Nevertheless, there are not three eternal beings, but one eternal being. So there are not three uncreated beings, nor three boundless beings, but one uncreated being and one boundless being. Likewise, the Father is omnipotent, the Son is omnipotent, the Holy Spirit is omnipotent.


Yet there are not three omnipotent beings, but one omnipotent being. Thus the Father is God, the Son is God, and the Holy Spirit is God.

However, there are not three gods, but one God. The Father is Lord, the Son is Lord, and the Holy Spirit is Lord. However, there are not three lords, but one Lord. For as we are obliged by Christian truth to acknowledge every Person singly to be God and Lord, so too are we forbidden by the Catholic religion to say that there are three Gods or Lords.

The Father was not made, nor created, nor generated by anyone. The Son is not made, nor created, but begotten by the Father alone. The Holy Spirit is not made, nor created, nor generated, but proceeds from the Father and the Son. There is, then, one Father, not three Fathers; one Son, not three sons; one Holy Spirit, not three holy spirits. In this Trinity, there is nothing before or after, nothing greater or less. The entire three Persons are coeternal and coequal with one another. So that in all things, as is has been said above, the Unity is to be worshiped in Trinity and the Trinity in Unity.

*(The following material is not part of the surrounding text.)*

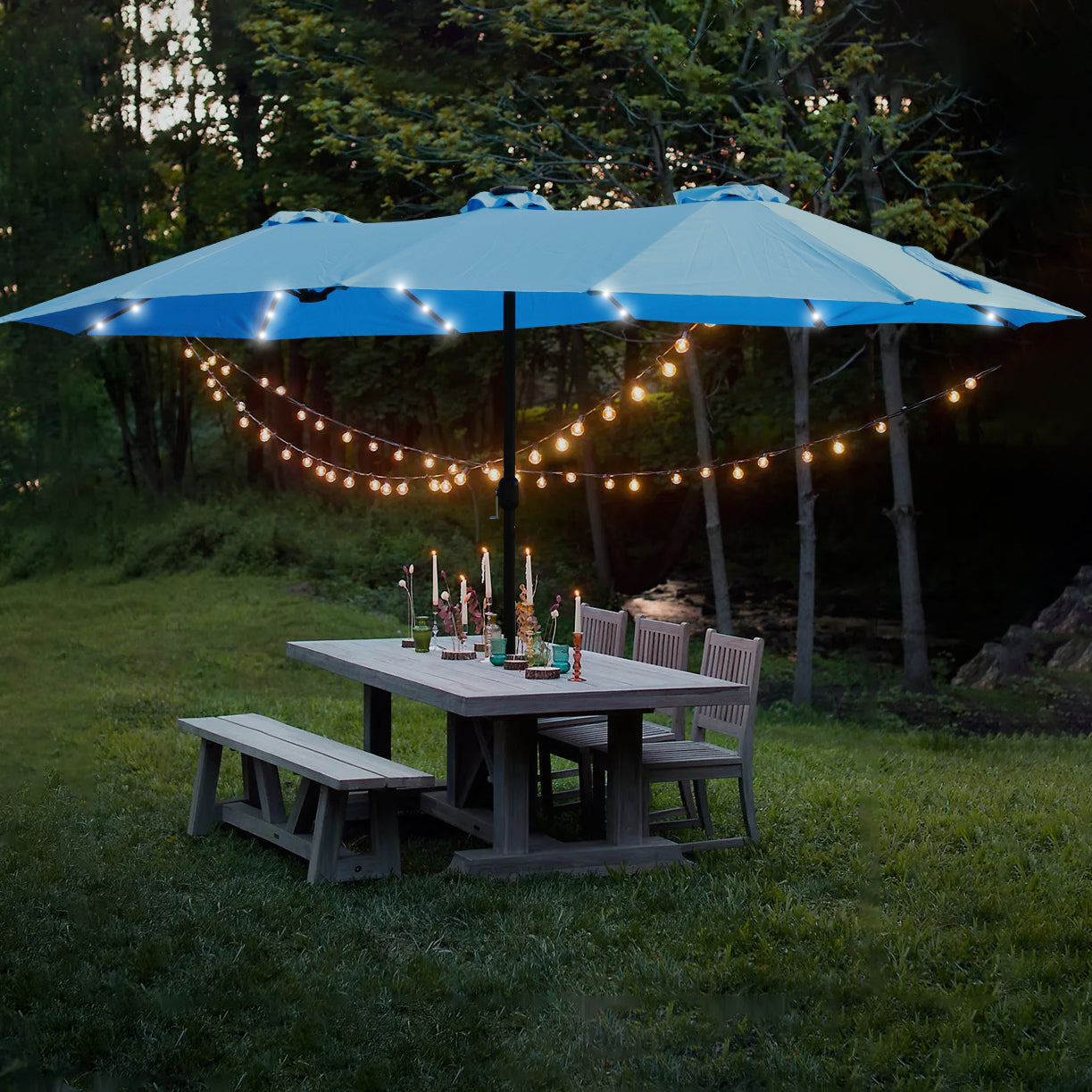 Blue patio umbrella with integrated LED lights over a wooden dining set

He, therefore, who wishes to be saved, must believe thus about the Trinity. It is also necessary for eternal salvation that he believes steadfastly in the incarnation of our Lord Jesus Christ. Thus the right faith is that we believe and confess that our Lord Jesus Christ, the Son of God, is both God and man. As God, He was begotten of the substance of the Father before time; as man, He was born in time of the substance of His Mother. He is perfect God; and He is perfect man, with a rational soul and human flesh. He is equal to the Father in His divinity, but inferior to the Father in His humanity. Although He is God and man, He is not two, but one Christ. And He is one, not because His divinity was changed into flesh, but because His humanity was assumed unto God. He is one, not by a mingling of substances, but by unity of person. As a rational soul and flesh are one man: so God and man are one Christ. He died for our salvation, descended into Hell, and rose from the dead on the third day. He ascended into Heaven, sits at the right hand of God the Father almighty. From there He shall come to judge the living and the dead. At His coming, all men are to arise with their own bodies; and they are to give an account of their own deeds. Those who have done good deeds will go into eternal life; those who have done evil will go into the everlasting fire.

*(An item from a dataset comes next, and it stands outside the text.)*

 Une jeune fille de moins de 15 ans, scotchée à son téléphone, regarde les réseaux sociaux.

This is the Catholic faith. Everyone must believe it, firmly and steadfastly; otherwise He cannot be saved. Amen.

 

The Vision of St. Augustine, by Botticelli

 
Reading

The Story of St. Augustine and the Boy at the Beach
as recounted in the Golden Legend,
written in A.D. 1275 by Jacobus de Voragine, Archbishop of Genoa

Many other miracles hath God showed by his [St. Augustine's] life, and also after his death, which were overlong to write in this book, for they would, I suppose, contain a book as much as all this and more, but among other corrections, I will set herein one miracle, which I have seen painted on an altar of St. Austin at the black friars at Antwerp, howbeit I find it not in the legend, mine exemplar, neither in English, French, ne in Latin.

It was so that this glorious doctor made and compiled many volumes, as afore is said, among whom he made a book of the Trinity, in which he studied and mused sore in his mind, so far forth that on a time as he went by the sea-side in Africa, studying on the Trinity, he found by the sea-side a little child which had made a little pit in the sand, and in his hand a little spoon. And with the spoon he took out water of the large sea and poured it into the pit.

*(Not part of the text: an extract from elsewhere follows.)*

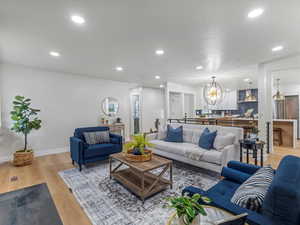 Living area with baseboards, light wood-type flooring, recessed lighting, and an inviting chandelier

And when St. Augustin beheld him he marvelled, and demanded him what he did. And he answered and said: "I will lade out and bring all this water of the sea into this pit."

"What?" said he, "it is impossible, how may it be done, sith the sea is so great and large, and thy pit and spoon so little?"

"Yes, forsooth," said he, "I shall lightlier and sooner draw all the water of the sea and bring it into this pit than thou shalt bring the mystery of the Trinity and His Divinity into thy little understanding as to the regard thereof; for the Mystery of the Trinity is greater and larger to the comparison of thy wit and brain than is this great sea unto this little pit."

And therewith the child vanished away. Then here may every man take ensample that no man, and especially simple lettered men, ne unlearned, presume to intermit ne to muse on high things of the Godhead, farther than we be informed by our faith, for our only faith shall suffice us.